CES Down Under

My story

I was diagnosed with Cauda Equina Syndrome in August 2012, when I had a degenerative bulging disc crush the nerves in my l4 – l5. I was playing touch football with my father at the time when I felt a twinge in my back.

Over the next three days going back and forth, I was eventually sent to emergency after a CT scan showed that I was in big trouble. The pain was excruciating.

After 13 hours in emergency I was given some hard to listen truths about what was happening/going to happen to me . I was given a MRI which led to surgery where they cut out my bulging disc.

I spent 7 weeks in hospital, 3 ½ weeks in trauma and 3 ½ weeks in the spinal injuries unit.

I am now living with numbness to the bottom of my feet, back of legs and saddle area, lower motor neuron bowel, flaccid bladder, sphincter and sexual dysfunction.

Life had been great at the time this happened – My son had returned to my city (he had been living 16.5 hrs drive away in a different state) I had been dating his mother for a short time previous to this and workwise I was secure and cemented in my career as a service manager in an industry that I had been in for 11 years working my way to where I was.

I felt secure and held no fears.

I was 33, strong, fit and had a great work ethic. I had hoped to further relations between my partner and I, possibly have a new brother or sister for my son (now aged 7). I felt as though things had finally started moving towards a positive life, as has previously just been through a few tough years.
I had dealt with the depression of not having access to my son. I had been a little wreck less in my lifestyle and had attempted to put my mind into another place. But, as I said before, I now felt that finally my life was moving in the right direction.

Now my life revolves pretty much around my condition. I cannot return to my former work until I can perform my former duties. (this may be never ). I wake in the middle of the night and in the morning to catheterize, manually evacuate the bowels (which is never regular) and try to do as many things as possible that are positive – physically and mentally...

I am very frustrated. I have always worked and always considered that if I ever lost my job that my strength and determination would lead me into another decent job no problem! That has changed.

I no longer have fitness, strength or the confidence that I once had.

I fear having accidents in public places, I fear tripping and falling over, I fear people seeing the sadness under the false front I wear.

It makes me feel guilty that my son misses out on things with me. He asked his mother the other week 'Do you think Daddy will ever be good again will we be able to do fun stuff again?' I was totally devastated.

My sexual dysfunction continually frustrates me.

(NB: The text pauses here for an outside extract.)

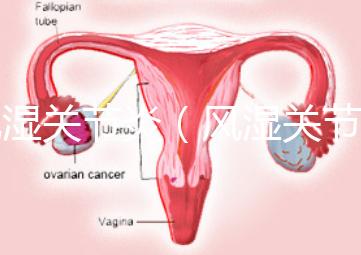 風(fēng)濕關(guān)節(jié)炎（風(fēng)濕關(guān)節(jié)炎的癥狀有哪些）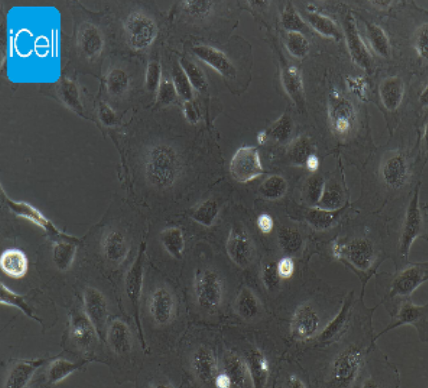 HUVEC 人脐静脉内皮细胞永生化 iCell-h110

I have not been able to ejaculate since my initial injury. I have the occasional half strength erection, but apart from that its floppy and completely numb. The sex thing is really hard. I just wish I could feel it and get an erection and ejaculate like I used to... thinking about it now... is crap.... The head doesn't change, it's just the other parts not coming to the party!

CES the cure for masturbation! LOL!

I don't feel sexy anymore, I don't feel like a sexual being. I used to be a' once a day kinda guy' and I haven't had it this year yet, I can get half erections and Viagra works, but its side effects aren't great and it costs a lot. I feel more like my condition has consumed me.

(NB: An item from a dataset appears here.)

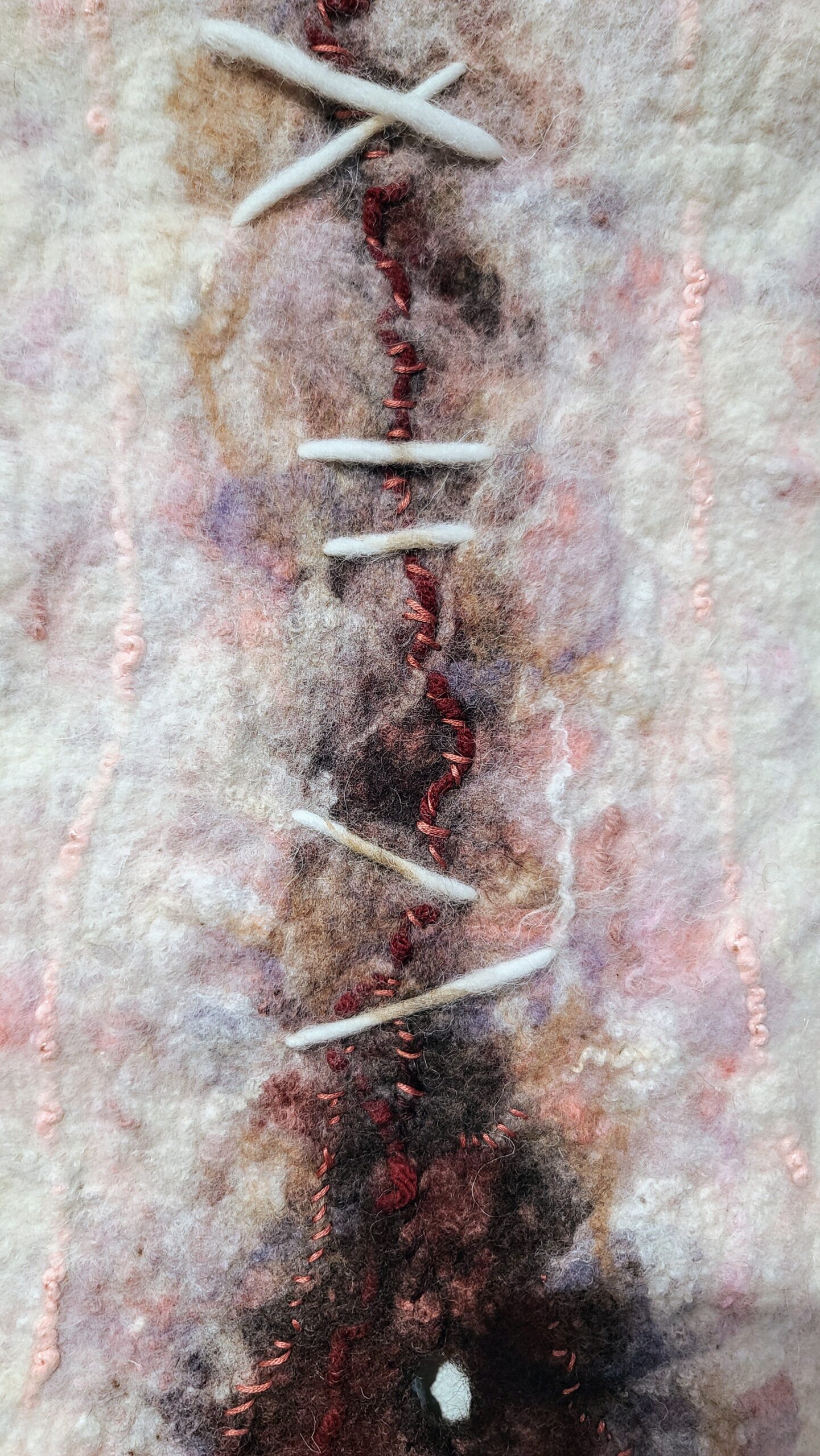 Art as Accessible Therapeutic Modality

I have dealt with the dark days in different ways, depending where I was at the time.

At the hospital I had some amazing support from the staff, it was such a scary adjustment to take on, but after I realised I was stuck with it and that I would have to toughen up.

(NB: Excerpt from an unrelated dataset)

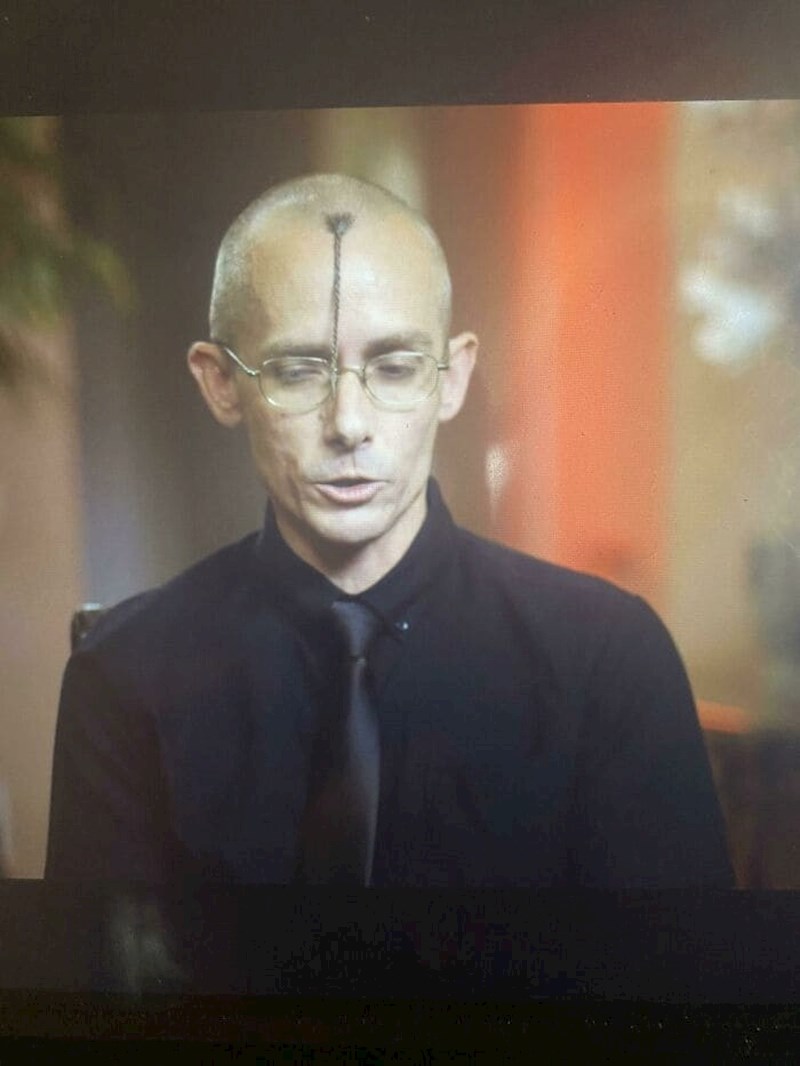 9. Navikli smo ovo viđati na stražnjoj strani glave, a i tako je već bilo dovoljno loše...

Us males don't like to ask for help. This condition is not very well known where I live, the nurses in the trauma ward hadn't heard of it until they had started working in the hospital after studies. I have had to lean on family, close friends and my partner. I'm sure sometimes that I frustrate the hell out of them but I couldn't do without them. I feel lucky to have their love and support.

When I was at the spinal injuries unit they connected me with some groups. TRP, who are a group made up of a nurse, social worker, physio and occupational therapist would come and visit me on a weekly basis to assist with my return to the home environment for the first 4 – 6 weeks.

SPOT, who are much the same also supported me and this continued after the initial six weeks. I can contact them at any time for troubleshooting on any problems I have - forever. It is good to know I have this support.

'Employment options', negotiate my return to work or rather try to find me work suitable to my condition.

I am currently 7 months into my condition, it's been a hell of a fight to this point and I'm sure it's going to be another big fight to survive the rest of it! I use the saying 'it is what it is ' and I accept that negative thinking isn't going to change anything. Positive thoughts are my only option.

And finally if not least ... my financial struggles have been terrible without work. My sickness benefits keep me below the poverty line $498.00 aus per fortnight just doesn't cut it unfortunately.